> Action item
Give the data again exactly, without images.

> Available data
○ ○ ○ ○
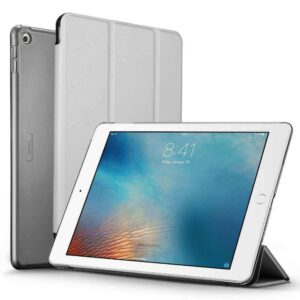 ESR-Apple-iPad-9.7-2018-Yippee-Color-Case-Grey_1-1.jpg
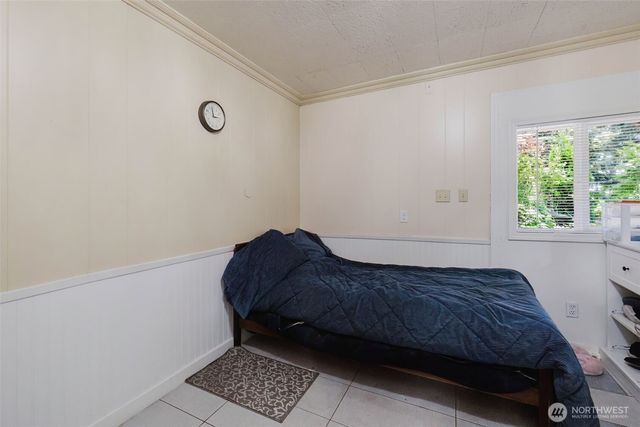 4958 NW Eldorado Boulevard, Bremerton, WA 98312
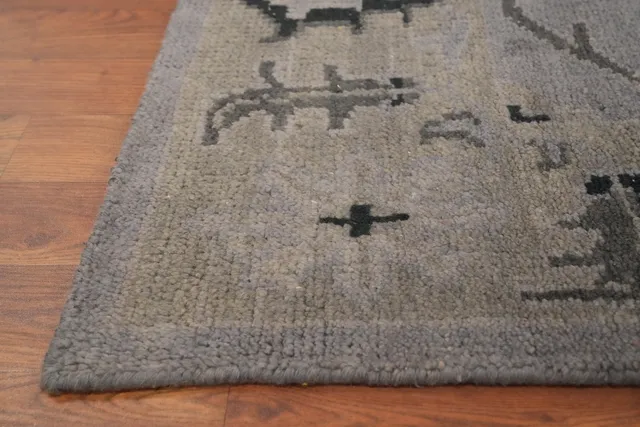 https://image-static-obj.rugsource.com/small/153538_3014358_86df010d.jpeg
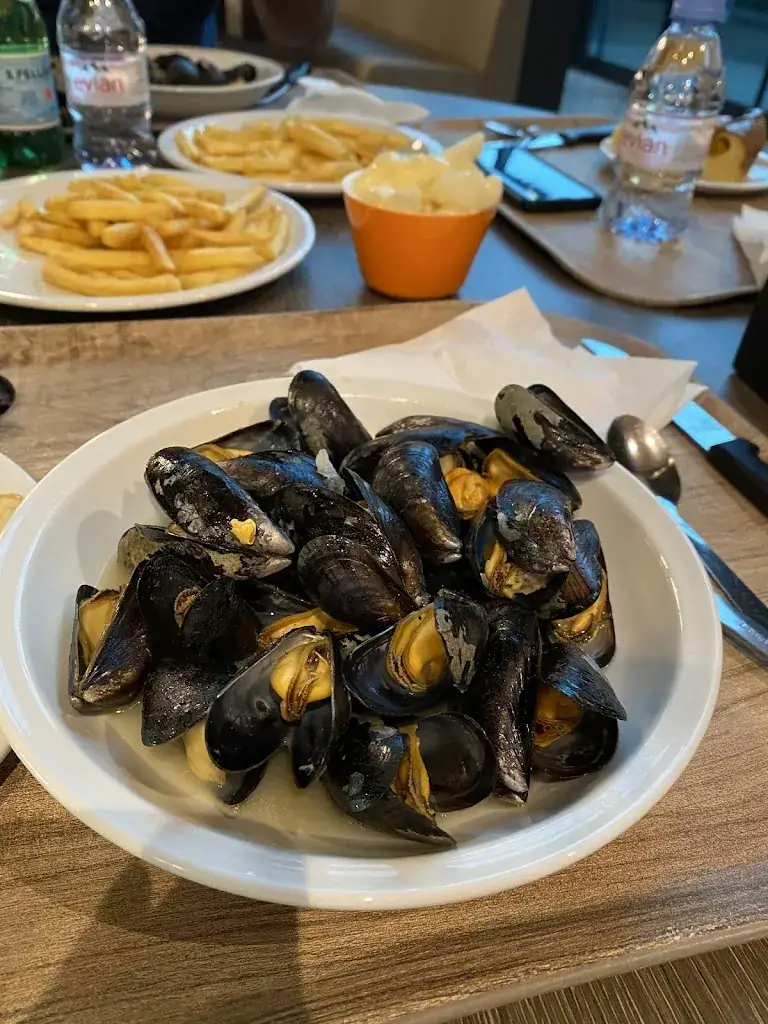 Menu_Crescendo Restaurant_Belfort_image_6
○ ○ ○ ○
> Response to this exercise
 ESR-Apple-iPad-9.7-2018-Yippee-Color-Case-Grey_1-1.jpg
 4958 NW Eldorado Boulevard, Bremerton, WA 98312
 https://image-static-obj.rugsource.com/small/153538_3014358_86df010d.jpeg
 Menu_Crescendo Restaurant_Belfort_image_6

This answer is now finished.